Die Wissenschaftlerin Claudia Kemfert vom Deutschen Institut für Wirtschaftsforschung wies auf diese „Falle“ hin, die Laufzeitverlängerungen von Atom- und Kohlekraftwerken bilden.  Diese erhalten das fossil-nukleare Energiesystem und bestehende geopolitische Abhängigkeiten weiter aufrecht: „Genau das liegt im Interesse Russlands. Die beste Antwort auf fossile Energiekriege ist eine beschleunigte Energiewende. Sie stiftet Frieden.“ Sie ist die billigste und effizienteste Option für Energiesicherheit – und noch dazu angesichts der Klimakrise dringend notwendig.

Atomkraft ohne Effekt auf Gasbedarf

Verschiedene Studien halten die Gasversorgung in Deutschland und Europa aktuell für gesichert. Für die Zukunft empfehlen sie eine Diversifizierung der Rohstoffquellen – und vor allem eine Verringerung des Gasverbrauchs.

Atomkraftwerke helfen hier nicht weiter: 85% des deutschen Gasverbrauchs geht in Heizung und Industrie. Gaskraftwerke für die Stromproduktion erzeugen entweder zugleich Fernwärme oder Prozesswärme. Oder sie erfüllen – weil sie schnell regelbar sind – spezifische Funktionen im Stromnetz. Atomkraftwerke können daher Gaskraftwerke gar nicht ohne Weiteres ersetzen. Und mit einer Jahresproduktion von maximal 35 TWh Atomstrom könnten sie auch mengenmäßig nicht viel ausrichten: Der jährliche Gasverbrauch Deutschlands ist mit 990 TWh etwa dreißig Mal so hoch.

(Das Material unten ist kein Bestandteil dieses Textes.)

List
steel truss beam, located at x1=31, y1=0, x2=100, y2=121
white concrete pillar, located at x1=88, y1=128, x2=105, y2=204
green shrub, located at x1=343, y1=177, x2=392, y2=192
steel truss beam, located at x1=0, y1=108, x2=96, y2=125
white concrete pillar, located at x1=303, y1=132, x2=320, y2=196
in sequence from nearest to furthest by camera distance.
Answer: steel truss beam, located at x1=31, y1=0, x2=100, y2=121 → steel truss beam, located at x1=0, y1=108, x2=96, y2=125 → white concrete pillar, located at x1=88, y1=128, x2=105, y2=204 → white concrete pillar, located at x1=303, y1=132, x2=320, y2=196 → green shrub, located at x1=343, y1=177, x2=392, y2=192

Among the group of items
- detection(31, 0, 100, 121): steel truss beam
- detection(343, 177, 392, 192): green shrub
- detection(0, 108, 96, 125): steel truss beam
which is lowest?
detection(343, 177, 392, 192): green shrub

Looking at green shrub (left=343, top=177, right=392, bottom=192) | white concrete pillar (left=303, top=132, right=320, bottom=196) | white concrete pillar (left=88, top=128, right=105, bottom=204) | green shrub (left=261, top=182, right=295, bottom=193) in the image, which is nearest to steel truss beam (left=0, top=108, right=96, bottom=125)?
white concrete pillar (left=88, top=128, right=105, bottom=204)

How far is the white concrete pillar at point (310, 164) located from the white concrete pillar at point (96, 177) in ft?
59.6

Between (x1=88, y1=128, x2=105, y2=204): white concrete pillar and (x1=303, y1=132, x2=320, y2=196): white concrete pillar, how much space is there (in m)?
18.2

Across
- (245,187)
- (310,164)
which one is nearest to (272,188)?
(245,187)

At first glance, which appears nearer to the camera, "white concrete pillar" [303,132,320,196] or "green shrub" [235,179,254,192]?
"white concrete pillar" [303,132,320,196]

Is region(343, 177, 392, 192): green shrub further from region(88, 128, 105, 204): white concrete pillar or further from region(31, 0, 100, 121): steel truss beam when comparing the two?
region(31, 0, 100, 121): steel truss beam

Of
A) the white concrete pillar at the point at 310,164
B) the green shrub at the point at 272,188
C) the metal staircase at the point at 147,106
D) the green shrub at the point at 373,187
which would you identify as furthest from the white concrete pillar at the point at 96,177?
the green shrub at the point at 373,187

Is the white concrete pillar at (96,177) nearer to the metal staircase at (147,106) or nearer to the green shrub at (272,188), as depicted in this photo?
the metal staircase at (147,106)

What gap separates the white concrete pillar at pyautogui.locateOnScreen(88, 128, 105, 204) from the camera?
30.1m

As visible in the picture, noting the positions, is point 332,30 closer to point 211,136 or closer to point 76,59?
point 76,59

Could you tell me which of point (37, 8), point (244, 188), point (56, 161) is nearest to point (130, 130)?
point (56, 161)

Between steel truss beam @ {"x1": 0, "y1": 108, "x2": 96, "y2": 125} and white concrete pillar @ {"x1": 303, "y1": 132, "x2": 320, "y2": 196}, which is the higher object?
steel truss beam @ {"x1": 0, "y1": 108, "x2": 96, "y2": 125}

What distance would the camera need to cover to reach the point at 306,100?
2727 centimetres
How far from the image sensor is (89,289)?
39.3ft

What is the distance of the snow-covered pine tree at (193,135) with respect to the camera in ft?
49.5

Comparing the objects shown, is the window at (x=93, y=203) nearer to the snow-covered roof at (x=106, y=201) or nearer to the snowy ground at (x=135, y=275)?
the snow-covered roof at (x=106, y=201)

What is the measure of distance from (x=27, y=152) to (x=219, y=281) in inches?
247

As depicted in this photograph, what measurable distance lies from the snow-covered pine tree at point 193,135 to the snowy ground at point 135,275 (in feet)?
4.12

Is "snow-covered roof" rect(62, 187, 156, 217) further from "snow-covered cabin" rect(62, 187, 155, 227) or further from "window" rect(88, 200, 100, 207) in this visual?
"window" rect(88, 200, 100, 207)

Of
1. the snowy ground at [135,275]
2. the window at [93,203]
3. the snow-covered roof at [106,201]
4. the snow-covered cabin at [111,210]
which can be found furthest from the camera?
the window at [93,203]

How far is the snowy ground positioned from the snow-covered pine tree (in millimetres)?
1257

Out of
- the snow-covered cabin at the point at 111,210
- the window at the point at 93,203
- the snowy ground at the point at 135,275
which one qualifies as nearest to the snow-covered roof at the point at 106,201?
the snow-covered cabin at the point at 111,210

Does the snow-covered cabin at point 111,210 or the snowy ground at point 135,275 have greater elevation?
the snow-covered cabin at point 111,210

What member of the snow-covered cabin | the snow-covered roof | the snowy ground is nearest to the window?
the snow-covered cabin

Weiterbetrieb der AKW nicht möglich

Die verbleibenden drei Atomkraftwerke einfach über Silvester 2022 hinaus laufen zu lassen, ist darüber hinaus auch technisch nicht möglich: Es fehlen schlicht die Brennstoffe. Die derzeit verwendeten Brennstäbe sind Ende des Jahres abgebrannt, neue nicht so schnell zu bekommen.

Auch können zeitaufwändige Nachrüstungen und Instandsetzungen, die bisher mit Blick auf das baldige Ende der Betriebszeit nicht angegangen wurden, nicht einfach weiter aufgeschoben werden. Ein Beispiel ist ein Austausch der Dampferzeuger im AKW Neckarwestheim, in denen sich seit Jahren immer neue Risse bilden. In Frankreich schätzt der französische Rechnungshof, dass der AKW-Betreiber EDF alleine bis 2030 für Laufzeitverlängerungen 100 Milliarden Euro investieren muss; wegen technischer Probleme fällt schon jetzt jeden Winter ein erheblicher Teil des französischen Reaktorparks aus. Auch Nachrüstungen können zudem nicht verhindern, dass das Unfallrisiko alternder Reaktoren weiter steigt.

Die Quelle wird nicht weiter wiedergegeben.